The system, dubbed VibroSense, comprises two core parts: a laser Doppler vibrometer and a deep learning model, which is a type of machine learning system.

Wall or ceiling

The vibrometer detects tiny vibrations by measuring the distortion of a laser beam reflected from a surface. For single-story houses, VibroSense’s laser is targeted at a central interior wall within the home, whereas in two-story residences, the researchers aim it at a ceiling. The researchers’ prototype device is cable of detecting vibration velocities of up to 1.25 m/s with a resolution of around 0.2 µm/s.

The deep learning model learns how to identify individual appliances based on their characteristic noises and distinct paths that these vibrations follow through the building. Training the model involves using samples of individual vibration patterns for each target appliance. It takes around 1-2 h, depending on the number of vibration sources being monitored.

In tests undertaken across five households over two days, the VibroSense prototype could identify the activities of 18 different common household objects with a 96% accuracy rate – even when the appliances were spread across different rooms and floors. This included picking out the signals generated by an electric kettle, a range hood, a microwave, a washing machine, an exhaust fan and even a dripping tap. In addition, the device was capable of distinguishing between different stages of individual appliance use with an average accuracy of more than 97%.

Energy-saving advice

“Since our system can detect both the occurrence of an indoor event, as well as the time of an event, it could be used to estimate electricity and water-usage rates, and provide energy-saving advice for homeowners,” says Zhang.

In addition, VibroSense may even be able to help homeowners detect electrical faults before they become critical. “The theory is that if there is any abnormal condition to certain appliance, their vibration pattern would change, which VibroSense probably can pick up and detect with appropriate training,” Zhang explains.

In the future, Zhang believes that it may be possible to create a more advanced version of the  machine learning system that uses vibration data for assorted appliances to accommodate the addition of new appliances to a home without needing additional training.

Privacy issues

The concept is not without some inherent issues, however – specifically as regards to the privacy implications of the device being able to “spy” on the activities going on in neighbouring flats, should it be used within an apartment complex.

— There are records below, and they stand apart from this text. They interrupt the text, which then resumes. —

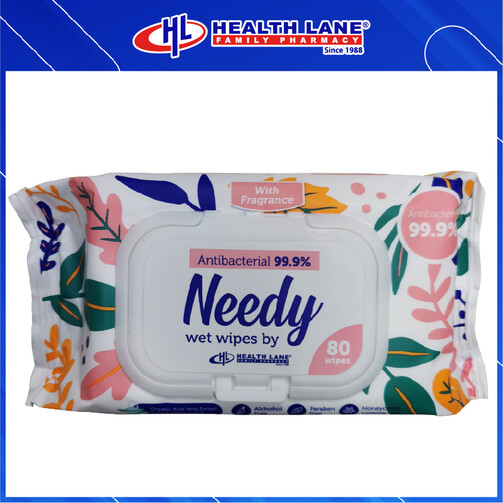 NEEDY TISU LEMBAP 99.9% ANTIBAKTERIA-FRAGRANCE PINK (80'S)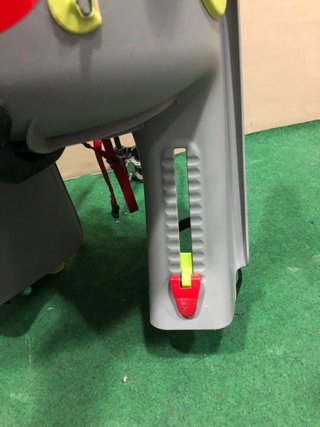 Silla Portabebés Bici Gris/Verde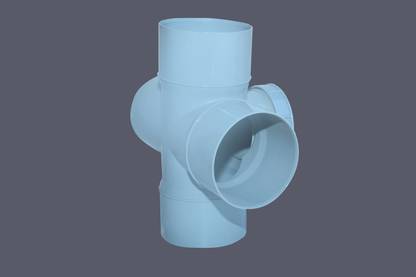 AAJAY CROSS DOOR TEE SWR 110MM SF 3-Way Tee Pipe Joint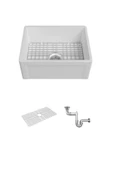İsvea Lugano Tek Hazneli Mutfak Ve Banyo Eviyesi, 61 Cm - 2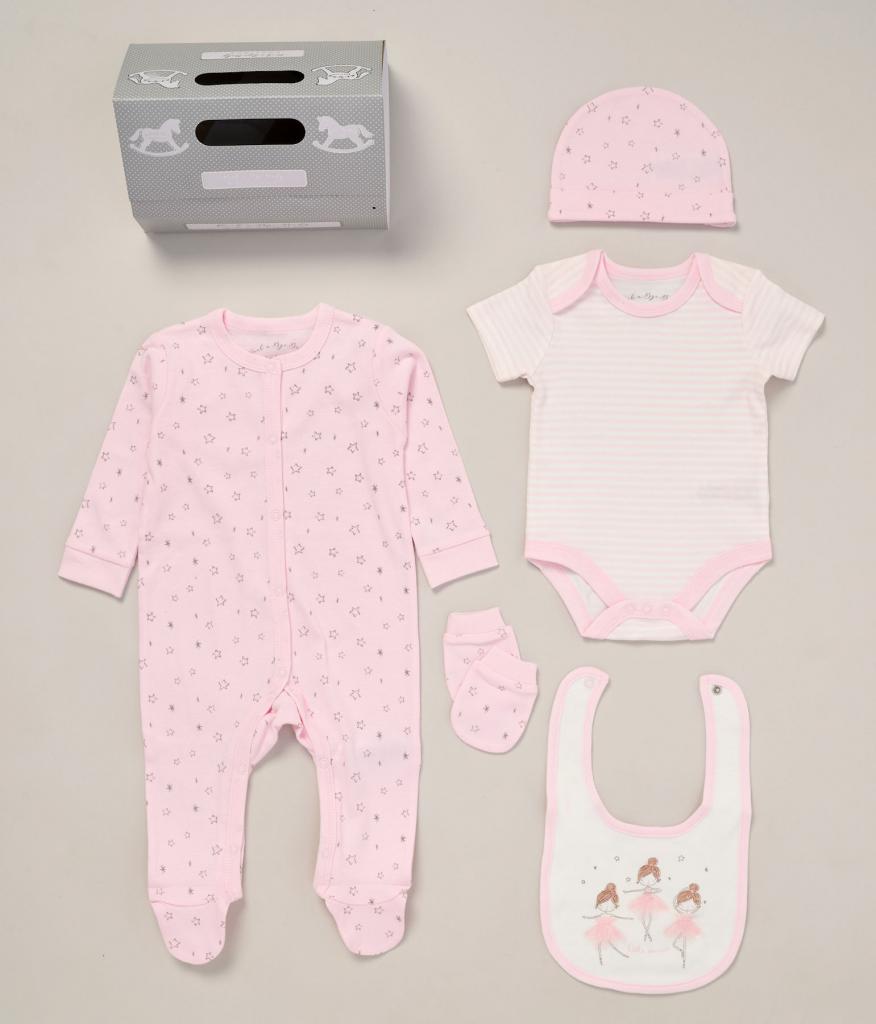 Rock a bye baby G2008NB * RBG12008  Ballet5 Piece Layette Set (Nb-6 months)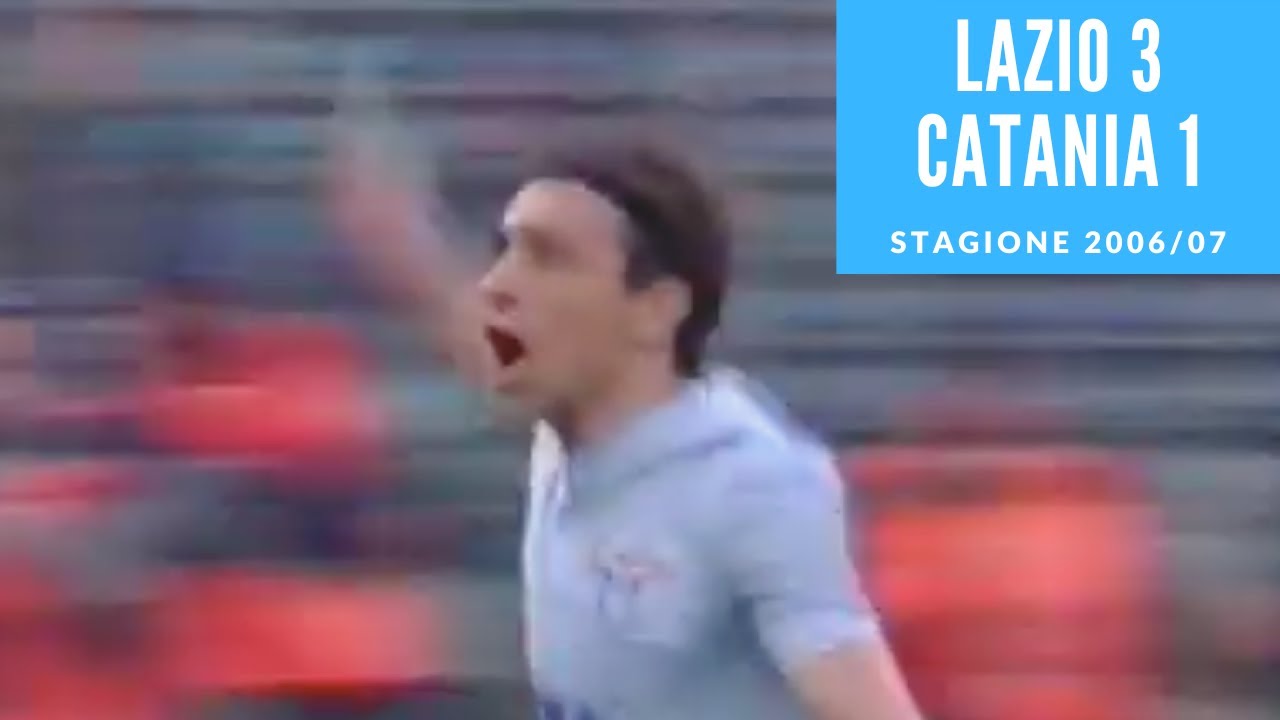 28 febbraio 2007: Lazio Catania 3 1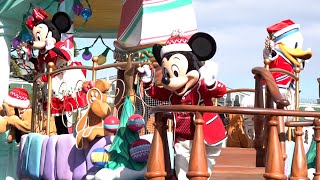 【TDL】 ディズニークリスマス2021で期間限定パレード　東京ディズニーランド『ミッキー＆フレンズのグリーティングパレード：ディズニー・クリスマス』(Tokyo Disneyland)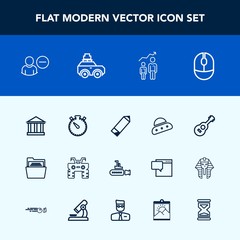 Modern, simple vector icon set with greece, success, blank, guitar, spaceship, sea, space, paper, mouse, account, device, white, ocean, file, ufo, tourism, watch, sky, computer, extreme, marine icons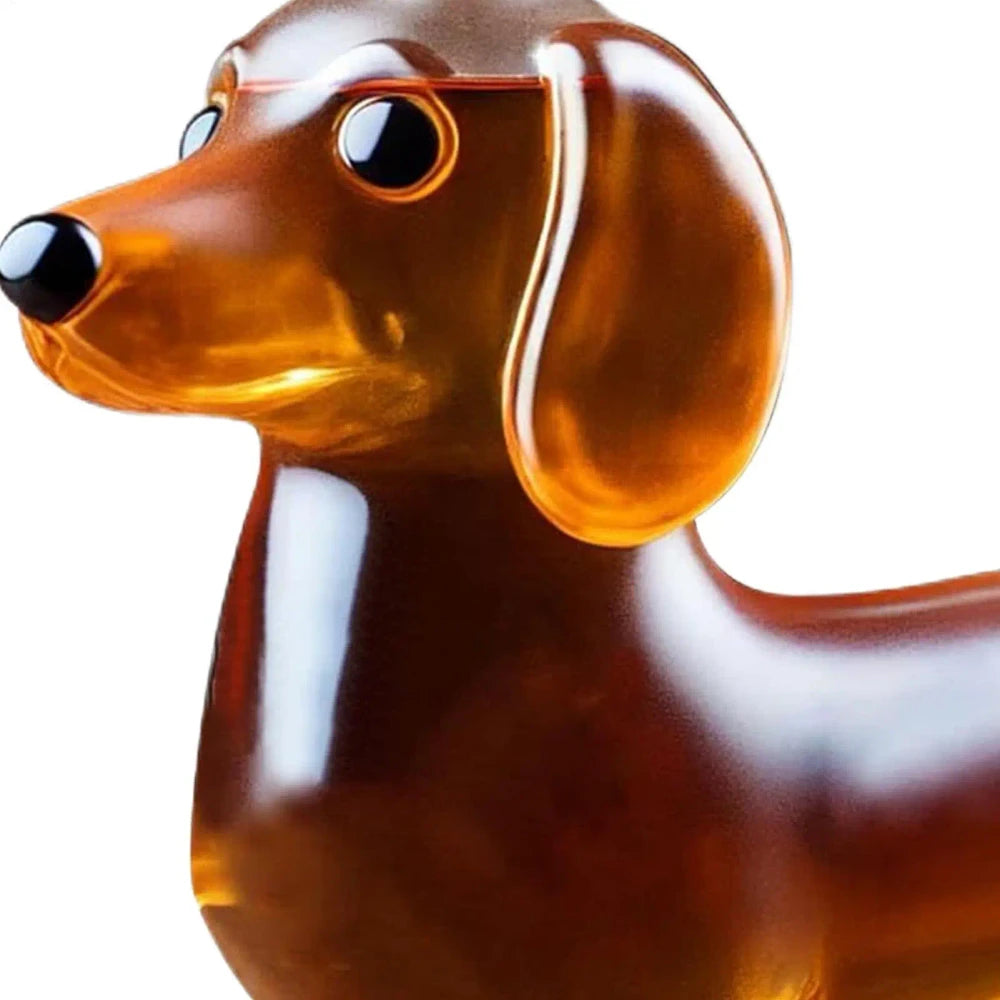 Dachshund Glass Liquor Decanter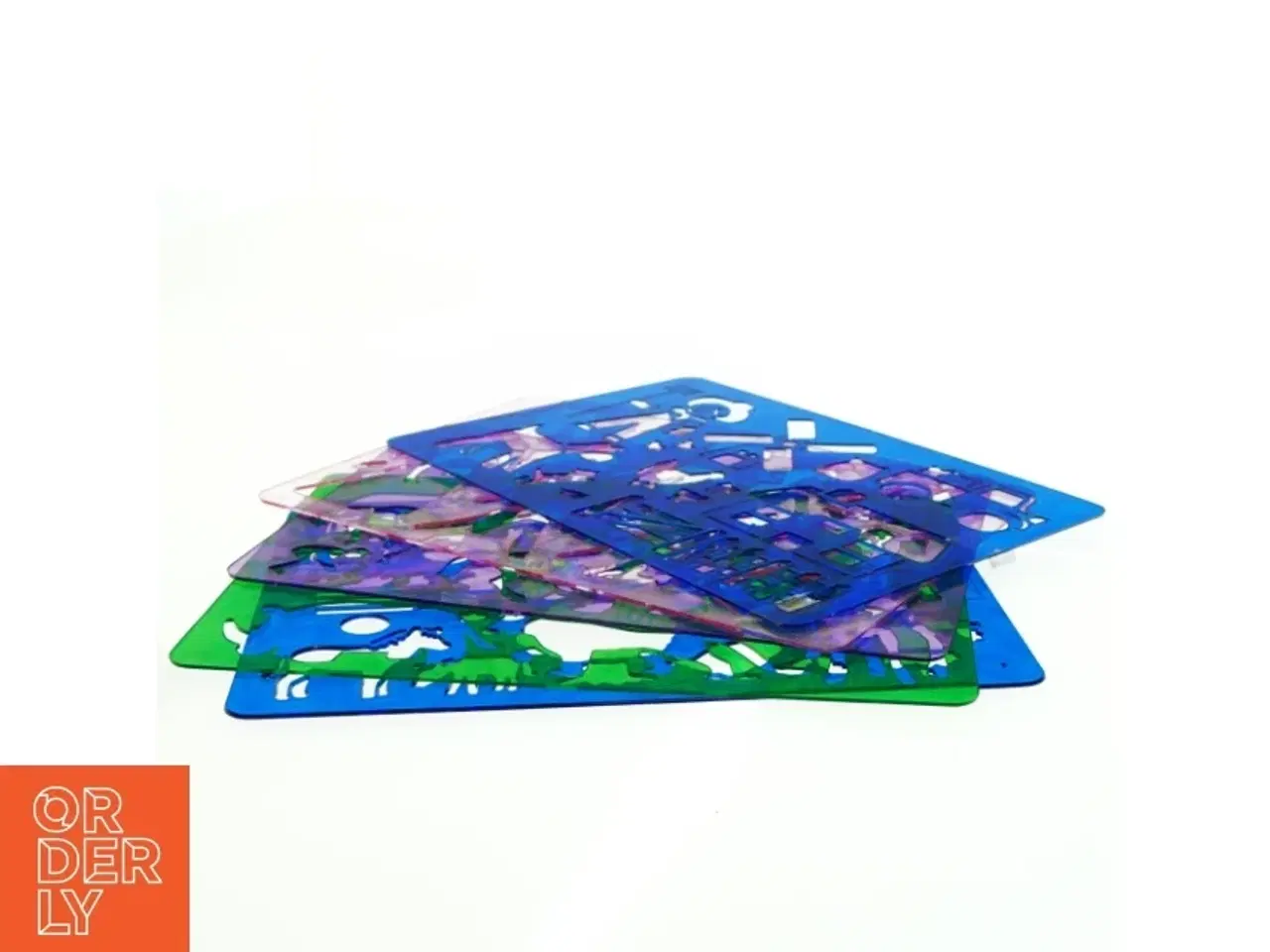 Billede 1 - Plast tegne stencils (str. 27 x 19 cm)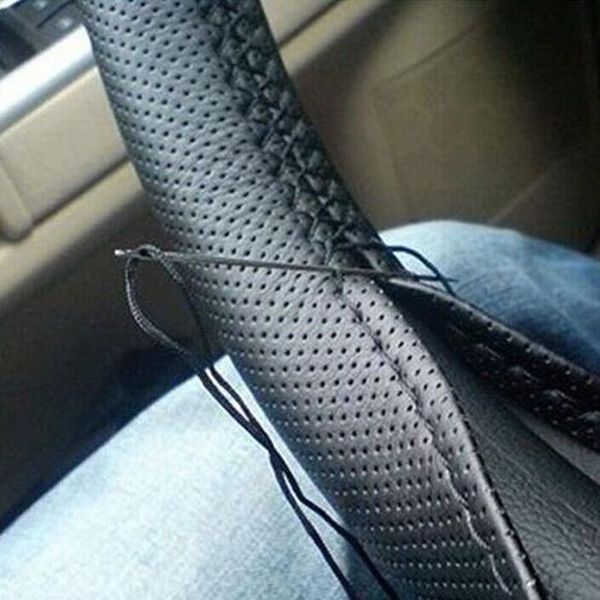 steering wheel cover 1pcs black diy accessory with needles thread genuine artificial faux leather hand sewing wholesale for car
steering wheel cover 1pcs black diy accessory with needles thread genuine artificial faux leather hand sewing wholesale for car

For this reason, the researchers say, the design is perhaps best suited for implementation within detached dwellings.

Commercial development of VibroSense, Zhang commented, “would definitely require collaboration between researches, industry practitioners and government – to make sure this was used for the right purposes.”

Michael Connelly, an engineer at Ireland’s University of Limerick comments, “The VibroSense technology has the potential to greatly enhance the understanding of the complex home environment and find applications in other areas of vibration measurement”. However, Connelly, who was not involved in the development of VibroSense adds, “laser vibrometers are expensive thereby it will be challenging to commercially exploit the VibroSense system, particularly as the deployment of the Internet of Things in the home increases.”

This is an issue that the researchers are aware of. According to Zhang, the current version of VibroSense would cost around $1000–$2000.  However, he adds that similar results may be possible using cheaper sensors such as accelerometers or geophones.

With their initial study complete, the researchers are now moving to explore the potential of using similar, minimally intrusive sensing devices to monitor human activities within broader settings – with the goal of using the data gathered to both enhance human–computer interactions and also to explore potential diagnostic medical applications.

The research is described in the Proceedings of the Association for Computing Machinery on Interactive, Mobile, Wearable and Ubiquitous Technologies.